Esta semana realizou-se um seminário na Faculdade de Ciências Sociais e Humanas da Universidade Nova de Lisboa, subordinado ao tema «Depois da catástrofe, que sistema de proteção civil?», organizado conjuntamente pela referida faculdade, pelo Centro de Estudos e Intervenção em Proteção Civil e pelo Centro Interdisciplinar de Ciências Sociais.
O mote para o tema abordado foram os incêndios florestais ocorridos nos meses de junho e outubro do ano passado e as suas trágicas consequências. As intervenções dos oradores centraram-se na reflexão do sistema de proteção civil e na procura de uma avaliação ao mesmo, face ao teste a que foi sujeito.
Para além da diversidade de abordagens da parte dos oradores quanto ao tema em análise, foi fácil constatar a premência do debate conceptual sobre o sistema de proteção civil no nosso país, dada a existência de uma amálgama de conceitos neste domínio, reveladora da identificada falta de doutrina consolidada e, por consequência, a natural vulnerabilidade estrutural e organizativa decorrente desta lacuna.
Sabe-se que a Lei de Bases da Proteção Civil, na sua versão de 2006 e dos insólitos remendos que lhe foram introduzidos em 2015, constitui um documento estruturante para o sistema.

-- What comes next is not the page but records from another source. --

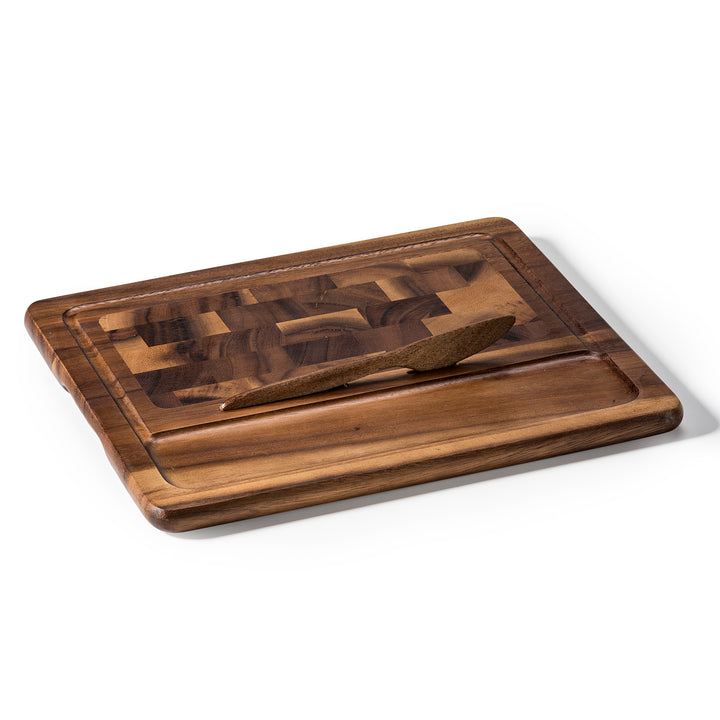 Acacia cheeseboard with a matching wooden knife.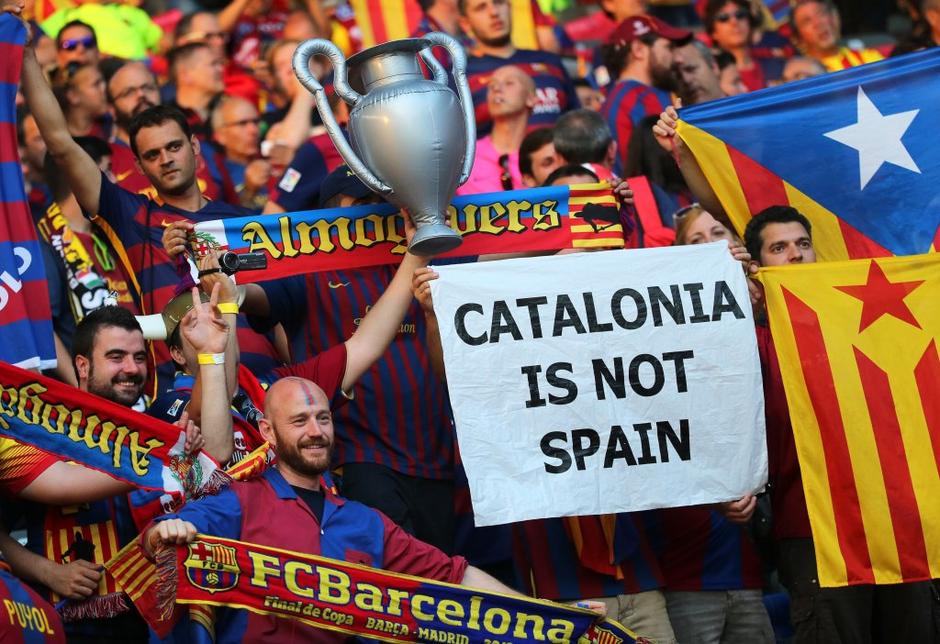 Barcelonski navijači s katalonskimi zastavami | Avtor: EPA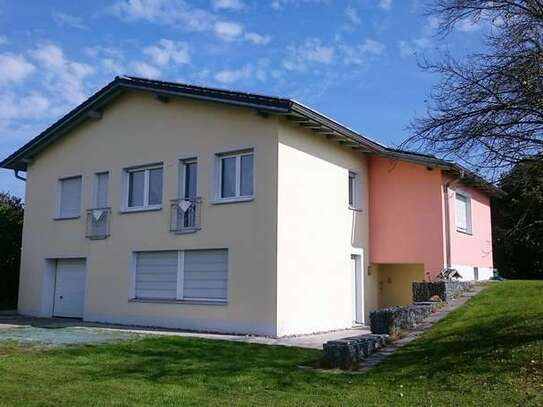 Freistehendes Einfamilienhaus mit Einbauküche, Garten und Garage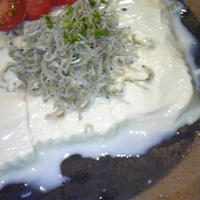 夕食☆ハウス「特選本香り」♪ブラックタイガーのクレイジーソルト焼き　ゆば刺し　こんにゃくの煮物…
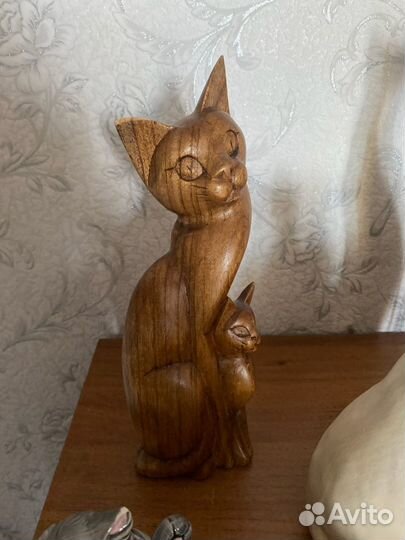 Статуэтка кошка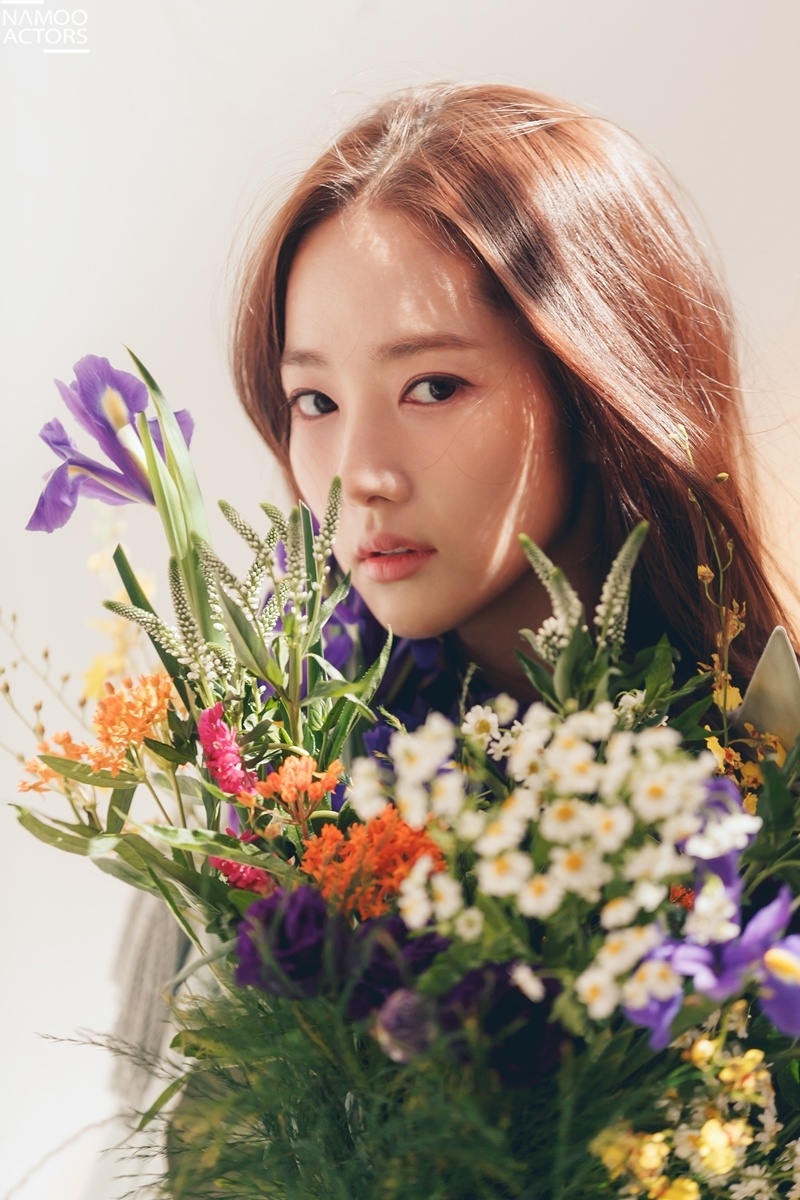 朴敏英知性气质写真图片410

Mas sabe-se também que este diploma, aprovado pela Assembleia da República, foi posteriormente regulamentado em diplomas específicos dos Governos, ajustando cada um a estrutura do sistema à sua maneira.

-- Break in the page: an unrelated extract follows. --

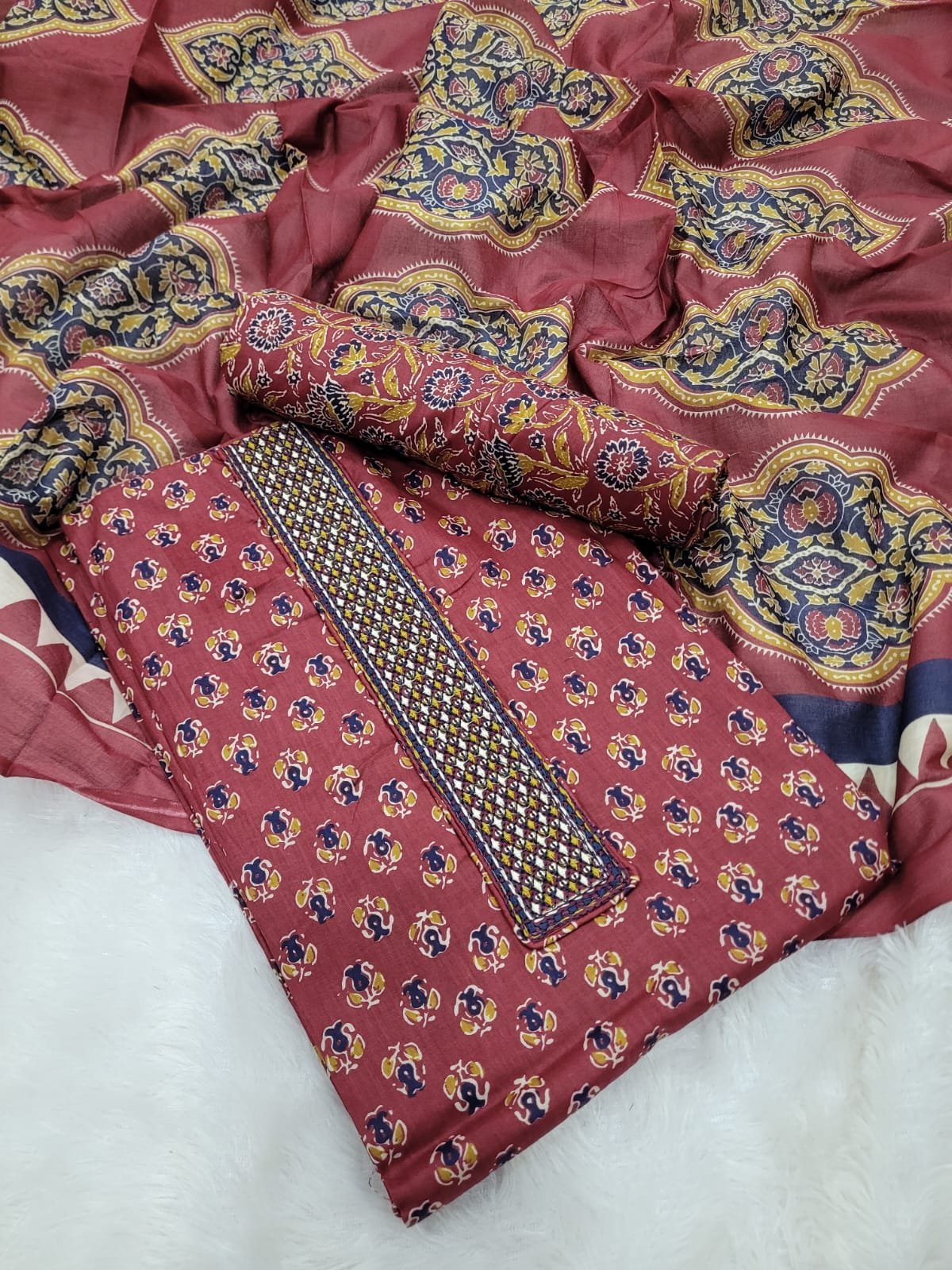 1005191560.jpg Branded Cotton Salwar Materials (Unstitched 3pcs) - Image 1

É por isso que conceitos como forças e operações de proteção civil, direção e comando, autoridade política, planeamento de emergência e outros são sistematicamente interpretados de forma diferente, impedindo a construção de uma base conceptual sólida, capaz de resistir aos ímpetos criativos de decisores políticos em exercício de funções e à consequente anarquização de um sistema que, para ser eficaz no cumprimento da sua importante missão, terá de ser obrigatoriamente alicerçado numa doutrina e estrutura próprias, subordinados a cadeias hierárquicas inequívocas e dotadas dos recursos humanos com competências adequadas.

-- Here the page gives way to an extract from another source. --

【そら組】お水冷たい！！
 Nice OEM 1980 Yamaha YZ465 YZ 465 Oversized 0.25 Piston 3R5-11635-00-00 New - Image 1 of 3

O processo de mais uma anunciada mudança no sistema de proteção civil, pelo que é conhecido, vai no sentido tradicional de todas as mudanças anteriormente feitas. Reforça-se o dispositivo de resposta da proteção civil com militares da GNR e militares do exército, descaracterizando a missão constitucional das forças de segurança e das forças armadas; nomeiam-se militares da GNR para ocupação de cargos na estrutura operacional da Autoridade Nacional de Proteção Civil, retardando o investimento na formação de quadros próprios para servir o sistema; anuncia-se a profissionalização dos corpos de bombeiros detidos por associações humanitárias de Bombeiros, através da criação de Equipas de Intervenção Permanente apenas com 5 elementos que, no máximo, garantirão a cobertura de 8 horas nas 24 horas do dia, no período de segunda a sexta-feira, medida que em muitos corpos de bombeiros do país pouco acrescentará à débil capacidade operacional de resposta que comprovadamente possuem.
Estas e outras medidas de igual perfil voltam a adiar o que era essencial fazer, isto é, que o Estado assumisse as suas responsabilidades na salvaguarda da missão consagrada no artigo 27º da Constituição da República Portuguesa e que lhe confere a atribuição de garantir a todos os cidadãos o direito à segurança, definindo para o efeito um modelo próprio de sistema de proteção civil e de segurança interna, caraterizado por «cada macaco no seu galho», a fazer bem o que lhe compete.
Até que tal desiderato seja cumprido, vamos continuar na mesma, isto é com um sistema de proteção civil capturado pelo sistema de defesa da floresta e invadido por uma força de segurança.
Incapazes de proceder a uma avaliação rigorosa do sistema que temos, os decisores políticos insistem em continuar a reagir à mercê das agendas mediáticas, dos interesses de circunstância e das pressões corporativas.
Resumindo: uma vez mais, um sistema de proteção civil adiado até à sua próxima provação.